A Lesson About Wealth from Ted Turner
Jade McBride, Ted Turner Reserves President, recalls a moment with Ted that reframed the way he thinks about true wealth. It is a lesson in presence, perspective, and a feeling that can’t be bought.
What Money Can’t Buy
In the spring of 2022, I spent several days at Vermejo with Ted.
One morning, after breakfast, we got in a truck and headed out to drive the property, something Ted has always loved to do. I was driving, and Ted was in the shotgun seat. Ted always makes you drive slow, and I mean really slow. Just rolling along that dirt road with his window down, taking it all in.
As we made our way up the Vermejo River Valley, the landscape shifted around us. At times we were tucked down along the river, and at others we climbed higher, where the views began to open up.
At one particular point, we reached a rise where everything came into view at once.
I stopped the truck.
Below us, the Vermejo River moved quietly through the valley. In the distance, Culebra Peak, the highest summit of the Culebra Range within the Sangre de Cristo Mountains, rose snow-covered against the horizon.
We stayed in our seats, looking out through the windshield.
Then he added, “Money can’t buy this.”
A few minutes later, I turned to him and said, “You know, Ted… money did buy this. Your money bought this land. You made this possible.”
He paused and said, “I wasn’t talking about the land. I was talking about the way we felt in that moment.”
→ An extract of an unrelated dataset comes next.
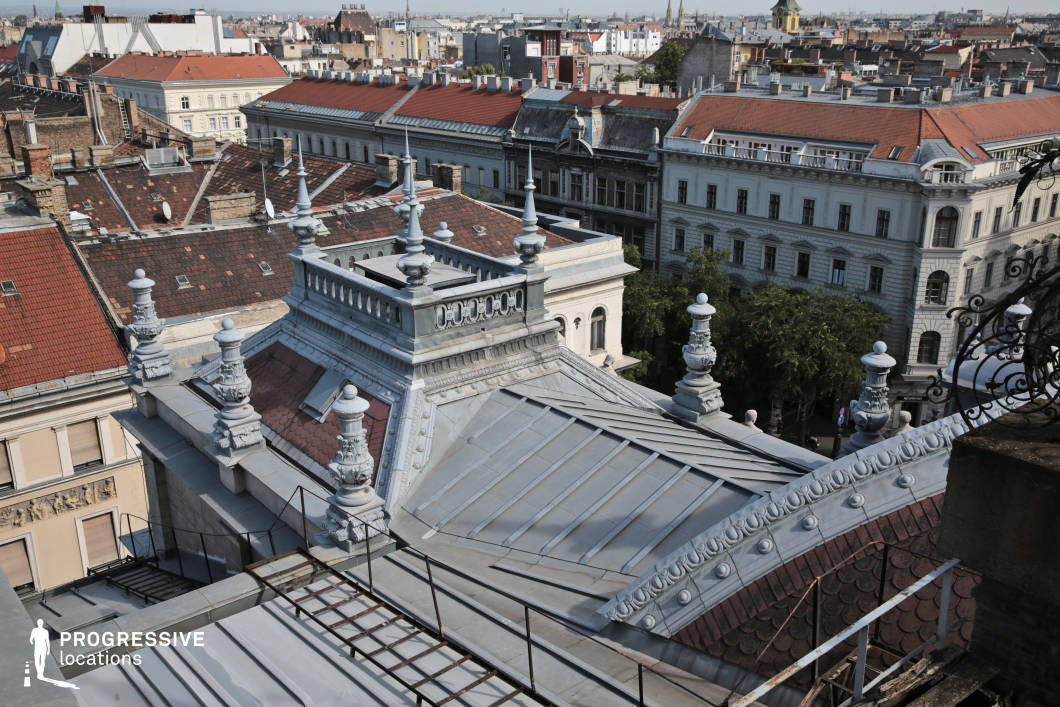 This image offers a detailed view of a rooftop adorned with ornate metalwork and decorative spires. The intricate design of the roof, with its mix of copper elements and tiled surfaces, reflects the building’s historical elegance. Below the rooftop, the architecture of the surrounding buildings on Andrassy Avenue is visible, with their classical facades adding depth and character to the scene. The sharp spires and stately chimneys of the rooftops create a distinctive silhouette against the city skyline, while the Opera House can be seen in the distance, contributing a sense of cultural grandeur to the composition. The green trees lining the street below provide a lush contrast to the urban environment. The bright sunlight enhances the fine details of the architecture, showcasing the meticulous craftsmanship of the building’s design. This location, with its fusion of cultural heritage and urban landscape, is perfect for projects centered around architectural elegance or capturing the charm of Budapest’s historical cityscape.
That response has stayed with me.
Because he was right.
The land can be purchased. It can be protected. It can be restored.
But the feeling we experienced in that moment cannot be bought.
The feeling of stopping long enough to truly see something beautiful.
The feeling of sharing that moment with someone else.
The feeling of gratitude that comes from recognizing it in real time.
That is something entirely different.
It requires presence.
It requires perspective.
It requires a connection to something bigger than yourself.
That moment reshaped the way I think about wealth.
True wealth is not found in what we own.
It is found in what we are able to feel.
The ability to slow down.
To recognize beauty.
To connect with the land, with each other, and with ourselves.
That is the kind of wealth that matters.
And that is what we have the opportunity to create every day through the work we do.